On Feb 5, 2013, at 9:13 AM, Paul Stadig wrote:
> On Tue, Feb 5, 2013 at 8:07 AM, Rich Hickey <
richh...@gmail.com> wrote:
>> While #= is undocumented, it is not unused, and dramatically altering it would be a significant breaking change for many.
>
> I would like to see more data on this point. I ran the Sonian tests
> against Chas' patch which defaults to turning off *read-eval* and
> there were minimal changes necessary. We have 22k lines of source and
> 20k lines of tests, and it requires adding 5 binding forms around the
> places we are reading data. These sites are easy to find as well.
First, if you have to change your code, it's a breaking change. We don't have any breaking changes in 1.5 otherwise.
Second, while it might be 'easy' to find these sites, more nefarious are those cases where:
Programmer A goes and finds his sites that need read eval, establishes the binding.
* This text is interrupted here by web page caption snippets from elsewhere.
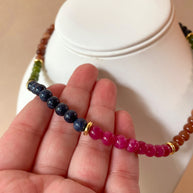 Dark Multicolor Beads Necklace
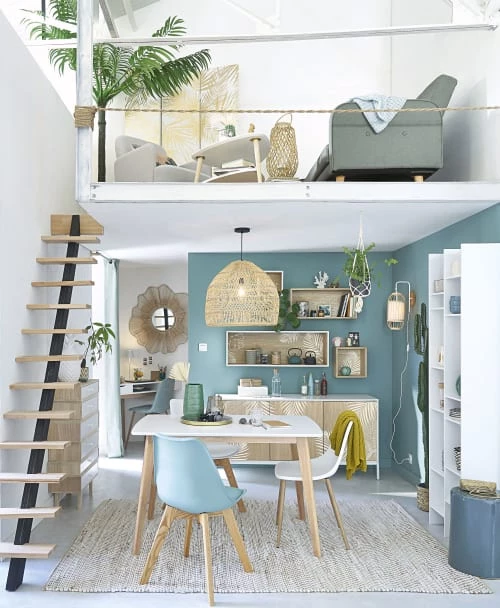 Maisons Du Monde Étagères Etagères Murales Bicolores Imprimé Végétal Blanc (x4) – Image 4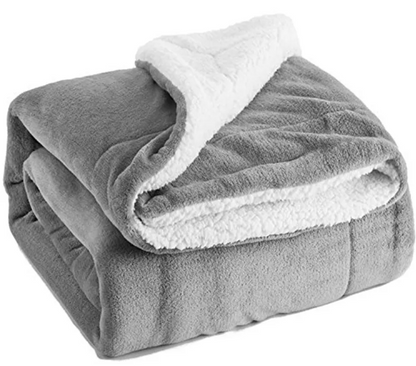Luxury Sherpa Cashmere Throw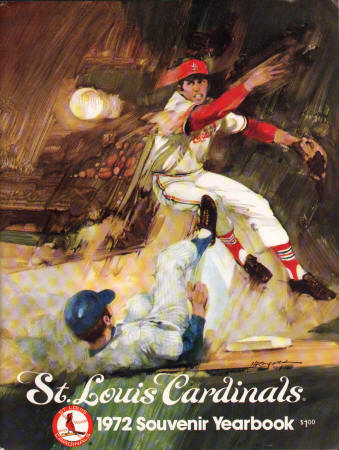 1972 St. Louis Cardinals Yearbook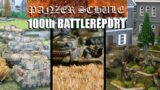 Our 100th Flames of War Battle Report – Panzer Grenadiers vs US Armoured Rifles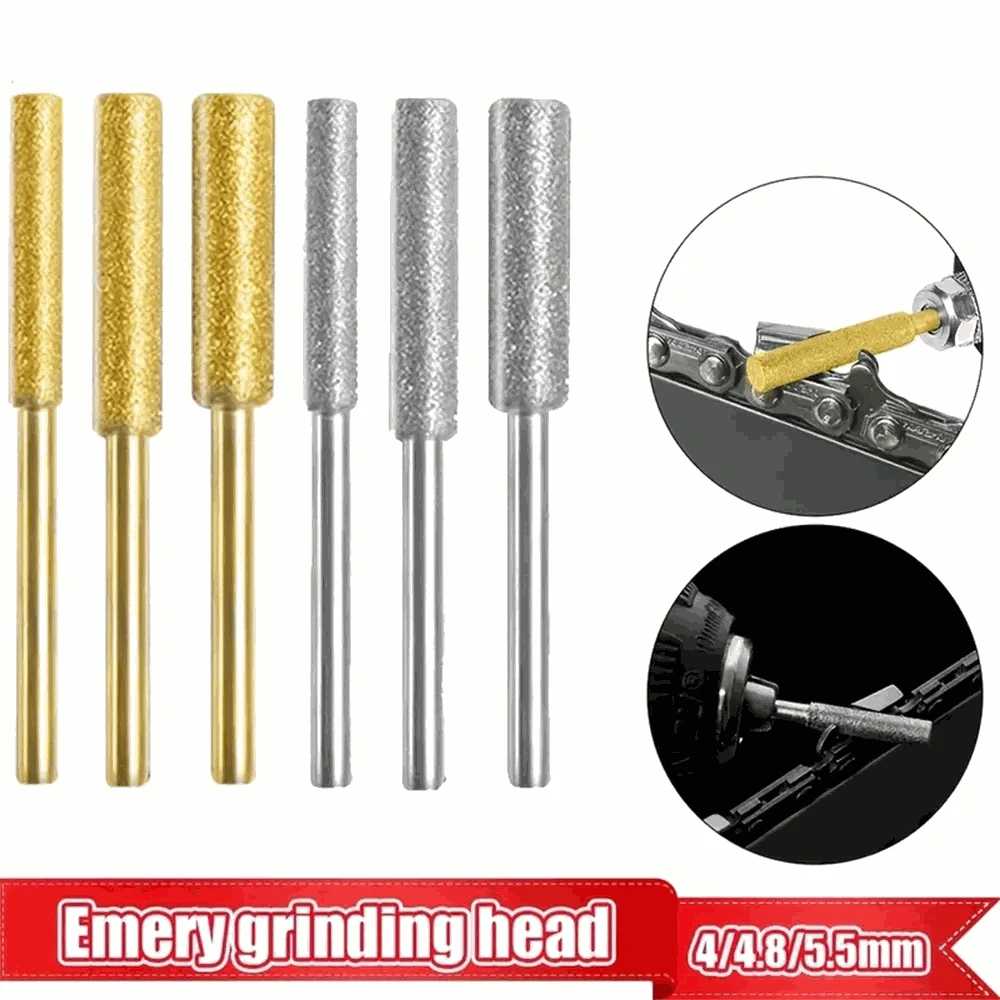 Diamond Chainsaw Sharpener Burrs 6pcs Kit-Golden 5.5mmx6pcs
Programmer B rests easy knowing his code that needs to be safe is safe with the defaults, does nothing.
C) Except - some of programmer B's calls are nested, or worse, later become nested, in Programmer A's eval contexts.
The more people need to do A, the more likely we'll see C.
A key point of this middle-ground default is that people will rarely if ever need to bind *read-eval* to true. That doesn't, and can't, eliminate the need for B to specify safety, but dramatically reduces the possibility of C. It also means that more experienced programmers can using binding *read-eval* false to establish even wider safe contexts than safe-read can supply, knowing e.g. read-oriented libraries are unlikely to establish bindings of their own.
> You
> just search for places where you call read-*. It seems to me it would
> be a minimal effort for an important security fix.
>
Iff you were getting an important security fix by changing the default - but you aren't:
>> Most important - ***as long as read-eval behavior is governed by a dynamic binding***, no one should ever rely upon the safety of the default binding (however we set it), since a surrounding context might have altered it. Thus - if you want a safe read on a particular source YOU must EXPLICITLY ensure it for that call.
>
> This is important advice and should be taken to heart.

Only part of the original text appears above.